Since March 2015, Saudi Arabia has hit Yemen with airstrikes in an attempt to fight the Houthi rebel group. Half of the 6,000 people killed in Yemen since the Saudi intervention were civilians.
Since March 2015, Saudi Arabia has hit Yemen with airstrikes in an attempt to fight the Houthi rebel group. Half of the 6,000 people killed in Yemen since the Saudi intervention were civilians.
MOHAMMED HUWAIS/AFP/Getty Images

The Dutch Parliament passed a bill Tuesday asking the government to ban weapons exports to Saudi Arabia on the grounds that the Arab kingdom has violated humanitarian law in Yemen and human rights in its own country, Reuters reported.

The bill referred to a 259-page report from the United Nations Panel of Experts on Yemen noting that Saudi-led airstrikes on Yemen had targeted civilians and that some of them constituted international crimes against humanity.

Since March 2015, Saudi Arabia has led a coalition of Arab states fighting to help President Abed Rabbo Mansour Hadi retake power after the Houthi militia took over the capital and large parts of the country.

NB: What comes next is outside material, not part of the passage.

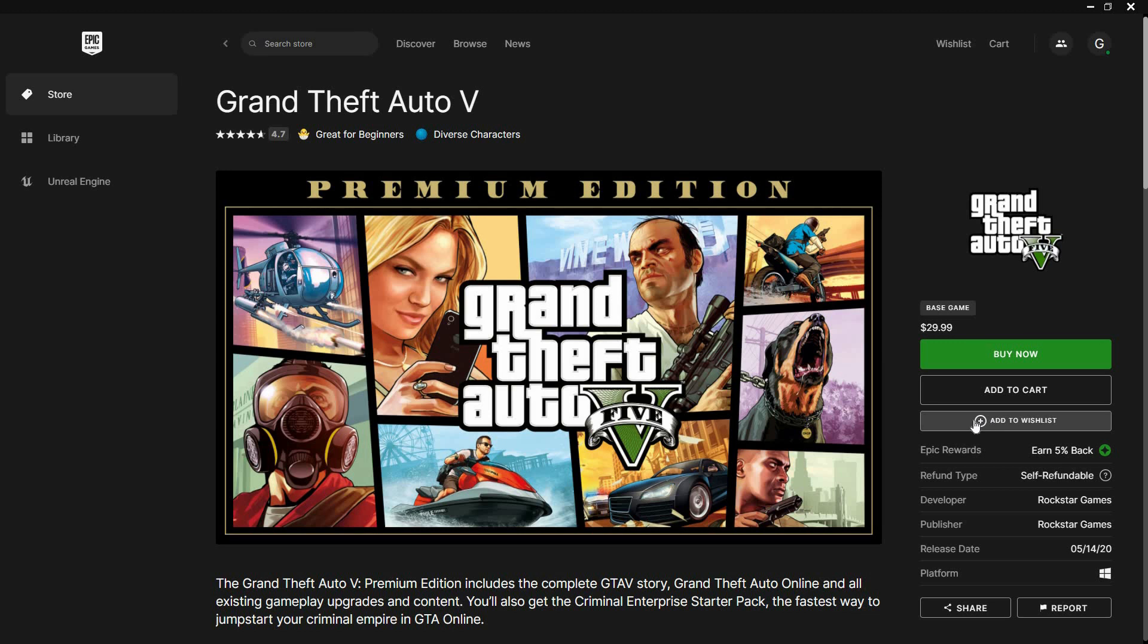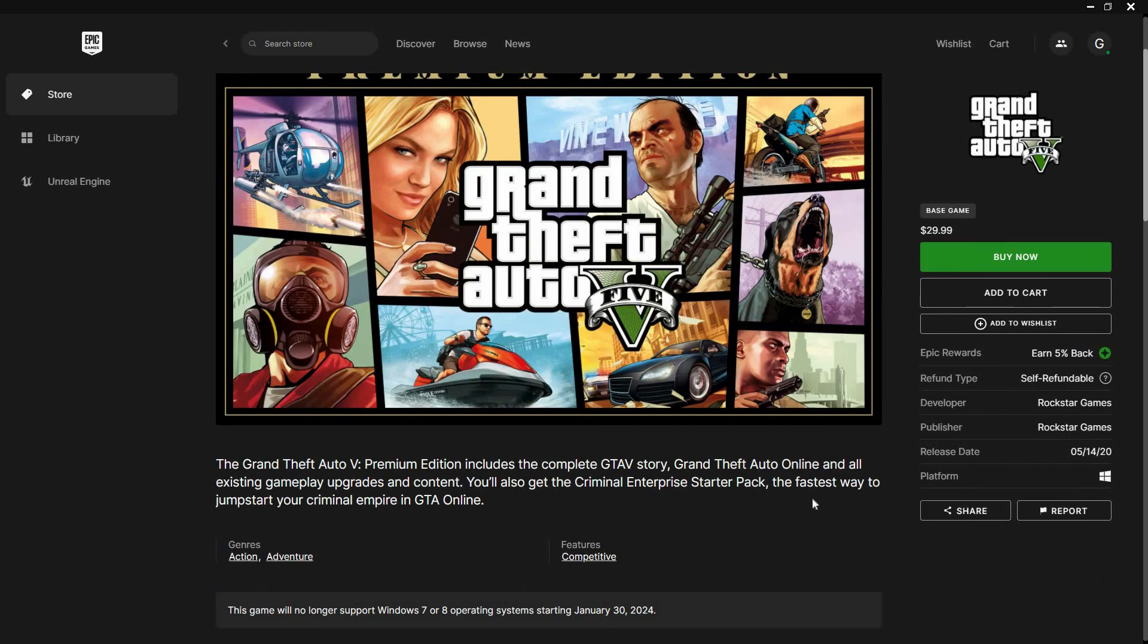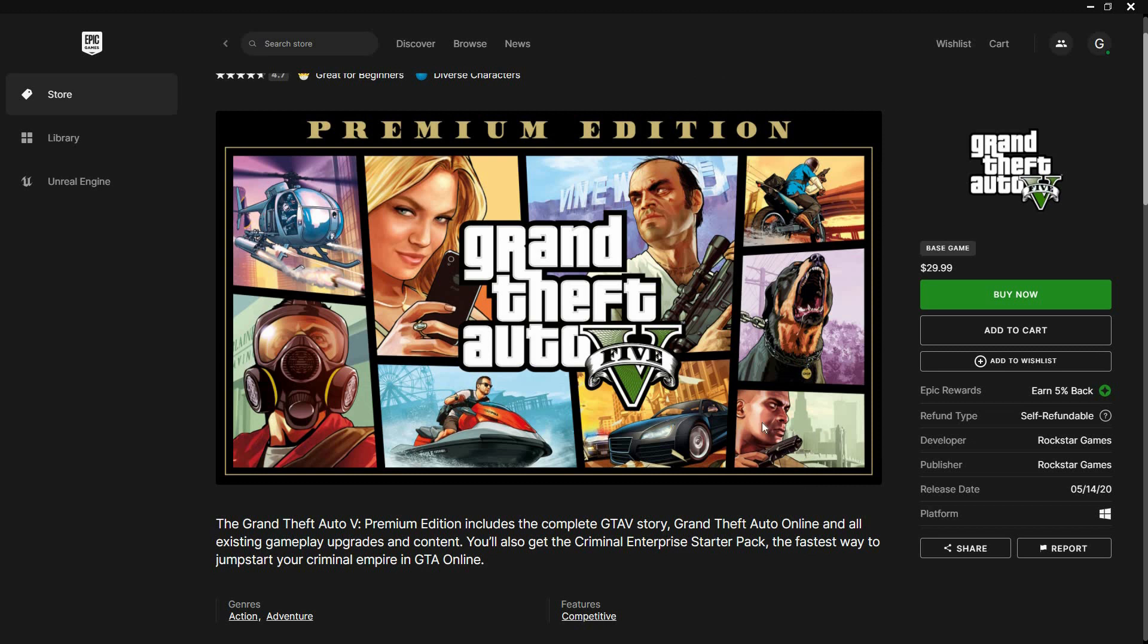So, is it possible to transfer games to another account on Epic Games? The answer is no. Unlike other game services, on Epic Games you don't have the option to buy as a gift to another person.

Over 6,000 people in Yemen have been killed since the start of Saudi Arabia’s intervention last March, the U.N. reported in February. Half of those people were civilians, the U.N. added. Saudi-led airstrike attacks in the past six months alone have hit a school for blind children, a Yemeni hospital and a Doctors Without Borders hospital.

The U.N. blamed Saudi-led coalition forces for a “disproportionate amount” of attacks on civilians last December. Human Rights Watch has also accused the coalition of a “repeated use of cluster bombs” on residential neighborhoods.

The Dutch bill also referred to the use of capital punishment in Saudi Arabia, Reuters reported. The country executed 158 people in 2015, marking the nation’s deadliest year in 20 years of executions. The country also announced in January that it had executed 47 prisoners in one day alone. The mass execution, which included a Shiite cleric, prompted outrage from human rights organizations and Shiites around the world.

The Netherlands will be the first European Union country to enact an arms embargo against Saudi Arabia after the European Parliament called on its 28 member states last month to stop selling weaponry to the Arab nation.

While the European Parliament appeal does not legally bind EU countries to enact the arms embargo, experts and legislators hoped that it would deter countries like the United Kingdom and France, the bloc’s largest arms suppliers, from supplying weapons to Saudi Arabia.

Between March 2015 and January 2016, the Netherlands issued licenses for arms exports and transits worth $2.98 million to Saudi Arabia, according to a report by the Control Arms Coalition, a group of international organizations campaigning for international arms trade regulation. The report emphasized, however, that since July 2015, the Dutch parliament has tightened export policies for members of the Saudi-led coalition.

The United States is also one of the largest arms suppliers to Saudi Arabia. The U.S. State Department approved major arms sales to Saudi Arabia that were worth a total of $20.8 billion last year, the Control Arms Coalition report said.